Solar powered vehicles such as the Honda Dream, which won the 1996 world solar challenge, are expensive and only work effectively in areas of high sunshine. The Honda Dream Solar car achieved average speeds across Australia, from Darwin to Adelaide, of 85 kph (50 mph). Although it is unlikely that a car of this nature would be a practical proposition as a vehicle for every day use, efficiencies of solar photovoltaic cells are rising all the time whilst their cost is decreasing. The concept of using solar cells, which can be wrapped to the surface of the car to keep the batteries of a commuter vehicle topped up, is a perfectly feasible idea, and as the cost falls and the efficiency increases may one day prove a practical proposition.

1.3.6 Electric vehicles which use flywheels or super capacitors

There have been various alternative energy storage devices including the flywheel and super capacitors. As a general rule both of these devices have high specific powers, which means that they can take in and give out energy very quickly. However, the amount of energy they can store is currently rather small. In other words, although they have a good power density, they have a poor energy density. These devices are considered in more detail in Chapter 3.

A novel electric vehicle using a flywheel as an energy storage device was designed by John Parry, UK. The vehicle is essentially a tram in which the flywheel is speeded up by an electric motor. Power to achieve this is supplied when the tram rests whilst picking up passengers at one of its frequent stations. The tram is driven from the flywheel by an infinitely variable cone and ball gearbox. The tram is decelerated by using the gearbox

Figure 1.17 The Parry People Mover. This electric vehicle uses a flywheel to store energy (Photograph kindly supplied by Parry People Movers Ltd.)

to accelerate the flywheel and hence transfer the kinetic energy of the vehicle to the kinetic energy of the flywheel, an effective form of regenerative braking. The vehicle is illustrated in Figure 1.17. The inventor has proposed fitting both the flywheel and gearbox to a conventional battery powered car. The advantage of this is that batteries do not readily take up and give out energy quickly, whereas a flywheel can. Secondly the arrangement can be made to give a reasonably high efficiency of regeneration, which will help to reduce the battery mass.

Experimental vehicles using ultra capacitors (also considered in Chapter 3) to store power have also been tested; normally they are used as part of a hybrid vehicle. The main source of power can be an IC engine, as with the bus shown in Figure 1.18, or it could be a fuel cell. The MAN bus in Figure 1.18 uses a diesel engine. In either case the purpose of the capacitor is to allow the recovery of kinetic energy when the vehicle slows down, and to increase the available peak power during times of rapid acceleration, thus allowing a smaller engine or fuel cell to power a vehicle.
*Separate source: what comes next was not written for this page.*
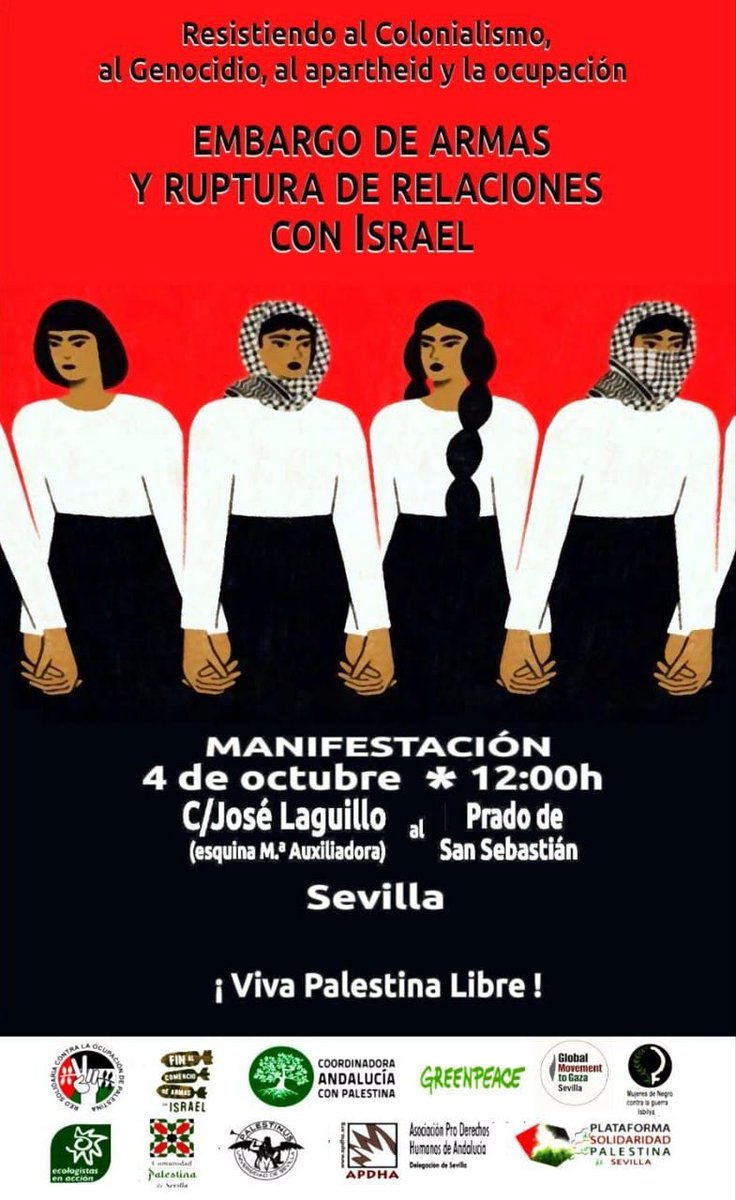 🗓️ 4 OCTUBRE, #Sevilla 

📖 Presentación del libro de Paca "la brava", toda una vida de luchas, a las 19h00 🟢
Pero antes...
🇵🇸 Manifestación contra el GENOCIDIO y la BARBARIE del estado de Israel, SOLIDARIDAD con el pueblo de Palestina, a las 12h00
#cnt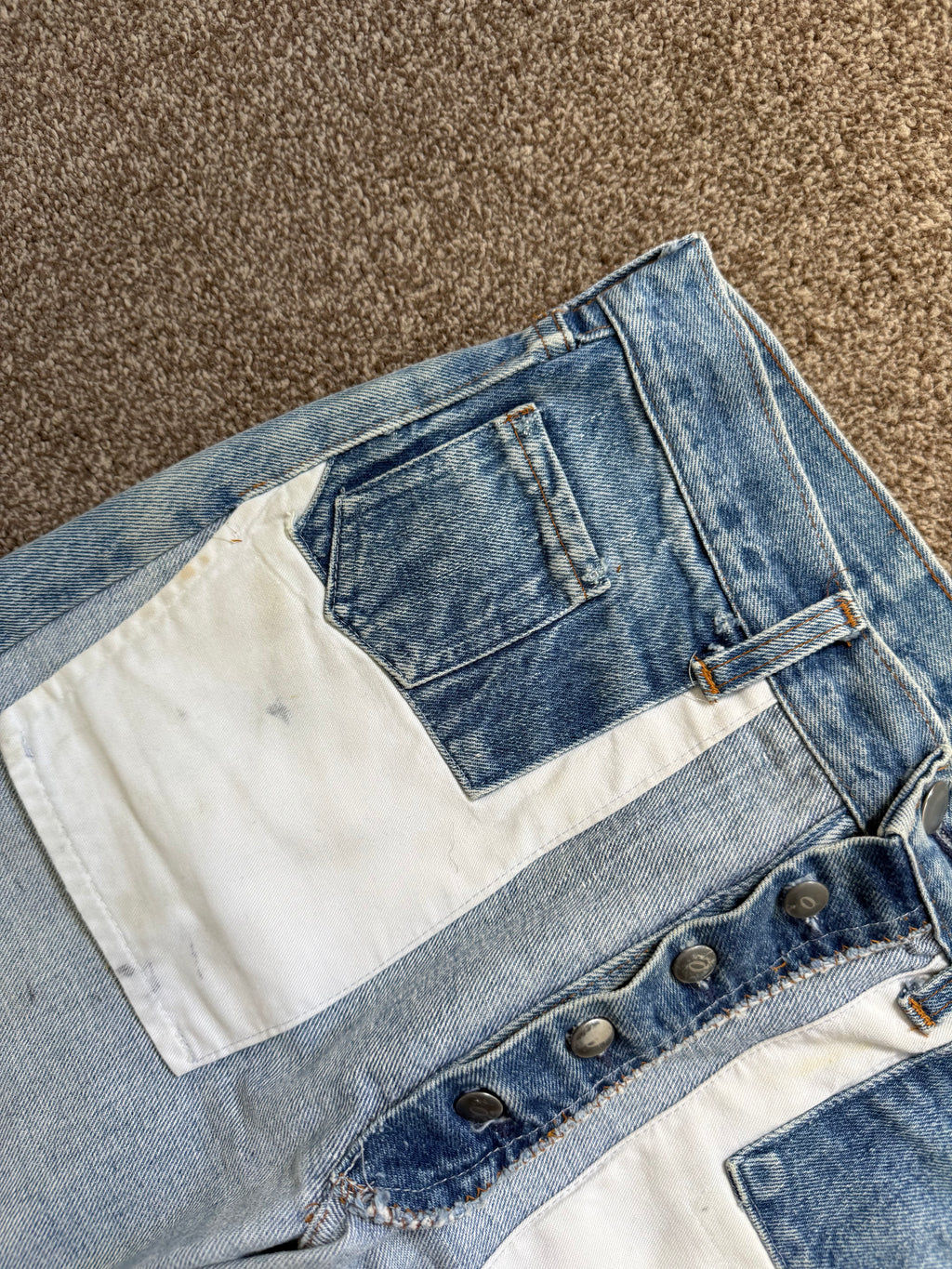 Maison Martin Margiela Artisanal Line (0) AW2004 Re-Worked Inverted Denim Jeans - Size 30" Waist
Energy stores such as capacitors and flywheels can be used in a wide range of hybrids. Energy providers which can be used in hybrid vehicles include rechargeable batteries, fuelled batteries or fuel cells, solar power, IC engines, supply lines, flywheels and capacitors. Any two or more of these can be used together to form a hybrid electric vehicle, giving over 21 combinations of hybrids with 2 energy sources. If 3 or more energy sources are combined there are a further 35 combinations. Certainly there is plenty of scope for imagination in the use of hybrid combinations.

Figure 1.18 Hybrid diesel/electric bus, with electrical energy stored in capacitors (Photograph reproduced by kind permission of Man Nutzfahrzeuge AG.)